# Homework Starter — Stage 04: Data Acquisition and Ingestion
Name: Panwei Hu
Date: 2025-08-20

## Objectives
- API ingestion with secrets in `.env`
- Scrape a permitted public table
- Validate and save raw data to `data/raw/`

In [1]:
import os, pathlib, datetime as dt
import requests
import pandas as pd
from bs4 import BeautifulSoup
from dotenv import load_dotenv

# Set up local data directory for this homework
RAW = pathlib.Path('data/raw')
RAW.mkdir(parents=True, exist_ok=True)

print("current working directory:", pathlib.Path.cwd())
# Load environment variables
print(".env file path:", pathlib.Path('.env').absolute())
load_dotenv()
print('ALPHAVANTAGE_API_KEY loaded?', bool(os.getenv('ALPHAVANTAGE_API_KEY')))
print('Data directory:', RAW.absolute())

current working directory: /Users/panweihu/Desktop/Desktop_m1/NYU_mfe/bootcamp/camp4/bootcamp_bill_panwei_hu/homework/homework4
.env file path: /Users/panweihu/Desktop/Desktop_m1/NYU_mfe/bootcamp/camp4/bootcamp_bill_panwei_hu/homework/homework4/.env
ALPHAVANTAGE_API_KEY loaded?
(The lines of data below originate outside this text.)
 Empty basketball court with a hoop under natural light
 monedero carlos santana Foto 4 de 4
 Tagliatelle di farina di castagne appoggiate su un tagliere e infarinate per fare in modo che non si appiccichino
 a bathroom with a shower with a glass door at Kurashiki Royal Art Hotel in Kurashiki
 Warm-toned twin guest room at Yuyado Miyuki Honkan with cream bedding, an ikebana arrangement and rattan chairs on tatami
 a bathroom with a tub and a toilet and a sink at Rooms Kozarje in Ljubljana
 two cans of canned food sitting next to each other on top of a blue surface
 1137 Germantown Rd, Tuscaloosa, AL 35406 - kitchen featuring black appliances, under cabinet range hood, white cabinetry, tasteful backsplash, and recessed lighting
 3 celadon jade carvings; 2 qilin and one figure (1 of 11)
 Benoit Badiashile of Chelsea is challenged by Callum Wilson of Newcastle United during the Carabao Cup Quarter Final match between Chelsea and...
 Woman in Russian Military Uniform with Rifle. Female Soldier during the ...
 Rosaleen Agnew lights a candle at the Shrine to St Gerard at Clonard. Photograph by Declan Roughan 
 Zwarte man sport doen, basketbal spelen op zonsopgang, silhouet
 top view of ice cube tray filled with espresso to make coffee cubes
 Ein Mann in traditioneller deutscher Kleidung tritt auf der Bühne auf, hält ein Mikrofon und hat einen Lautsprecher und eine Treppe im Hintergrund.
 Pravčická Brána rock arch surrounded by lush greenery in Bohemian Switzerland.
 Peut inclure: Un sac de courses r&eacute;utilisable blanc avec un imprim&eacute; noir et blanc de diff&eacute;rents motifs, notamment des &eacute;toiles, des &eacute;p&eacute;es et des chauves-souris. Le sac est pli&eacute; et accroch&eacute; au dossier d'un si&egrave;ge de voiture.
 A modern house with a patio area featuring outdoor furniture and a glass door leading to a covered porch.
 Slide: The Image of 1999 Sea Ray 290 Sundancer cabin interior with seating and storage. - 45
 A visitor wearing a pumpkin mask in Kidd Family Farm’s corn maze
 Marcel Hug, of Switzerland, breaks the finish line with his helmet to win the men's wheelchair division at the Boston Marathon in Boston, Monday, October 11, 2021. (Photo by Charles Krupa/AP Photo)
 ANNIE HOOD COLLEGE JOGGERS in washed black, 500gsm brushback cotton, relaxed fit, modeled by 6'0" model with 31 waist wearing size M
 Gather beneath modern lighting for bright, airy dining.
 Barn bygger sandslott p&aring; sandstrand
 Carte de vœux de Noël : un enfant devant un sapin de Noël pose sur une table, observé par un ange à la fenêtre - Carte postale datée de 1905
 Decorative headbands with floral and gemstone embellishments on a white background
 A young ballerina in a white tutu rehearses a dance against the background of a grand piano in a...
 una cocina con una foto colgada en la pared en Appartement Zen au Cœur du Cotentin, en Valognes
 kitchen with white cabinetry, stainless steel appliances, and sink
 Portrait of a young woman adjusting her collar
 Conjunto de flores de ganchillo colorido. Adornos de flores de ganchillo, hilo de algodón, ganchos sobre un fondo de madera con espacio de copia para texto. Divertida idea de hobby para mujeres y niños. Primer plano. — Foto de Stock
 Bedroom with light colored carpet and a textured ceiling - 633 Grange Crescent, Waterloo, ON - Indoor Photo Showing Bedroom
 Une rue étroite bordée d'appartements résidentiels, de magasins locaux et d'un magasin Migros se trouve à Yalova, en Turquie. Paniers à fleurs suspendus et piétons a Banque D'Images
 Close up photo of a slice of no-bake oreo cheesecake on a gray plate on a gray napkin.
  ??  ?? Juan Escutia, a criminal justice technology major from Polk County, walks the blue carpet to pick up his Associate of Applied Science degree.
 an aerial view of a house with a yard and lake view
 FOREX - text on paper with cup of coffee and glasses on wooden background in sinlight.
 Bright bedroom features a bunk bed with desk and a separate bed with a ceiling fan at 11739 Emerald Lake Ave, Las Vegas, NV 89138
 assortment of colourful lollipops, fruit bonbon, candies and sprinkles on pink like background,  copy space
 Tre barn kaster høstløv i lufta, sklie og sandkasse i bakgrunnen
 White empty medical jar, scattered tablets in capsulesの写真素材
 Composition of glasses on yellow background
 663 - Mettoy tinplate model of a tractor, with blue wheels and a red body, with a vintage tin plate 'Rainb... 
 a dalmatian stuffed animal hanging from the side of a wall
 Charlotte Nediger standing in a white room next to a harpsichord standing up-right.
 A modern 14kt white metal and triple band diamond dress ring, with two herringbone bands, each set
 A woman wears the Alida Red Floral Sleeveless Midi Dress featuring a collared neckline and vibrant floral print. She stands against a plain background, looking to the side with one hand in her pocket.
False
Data directory: /Users/panweihu/Desktop/Desktop_m1/NYU_mfe/bootcamp/camp4/bootcamp_bill_panwei_hu/homework/homework4/data/raw


## Helpers (use or modify)

In [2]:
def ts():
    return dt.datetime.now().strftime('%Y%m%d-%H%M%S')

def save_csv(df: pd.DataFrame, prefix: str, **meta):
    mid = '_'.join([f"{k}-{v}" for k,v in meta.items()])
    path = RAW / f"{prefix}_{mid}_{ts()}.csv"
    df.to_csv(path, index=False)
    print('Saved', path)
    return path

def validate(df: pd.DataFrame, required):
    missing = [c for c in required if c not in df.columns]
    return {'missing': missing, 'shape': df.shape, 'na_total': int(df.isna().sum().sum())}

In [3]:
import yfinance as yf 
symbol = 'AAPL'
df = yf.download(symbol, period='2y', interval='1d', progress=False)
df.head()

df.to_csv('AAPL.csv')


  df = yf.download(symbol, period='2y', interval='1d', progress=False)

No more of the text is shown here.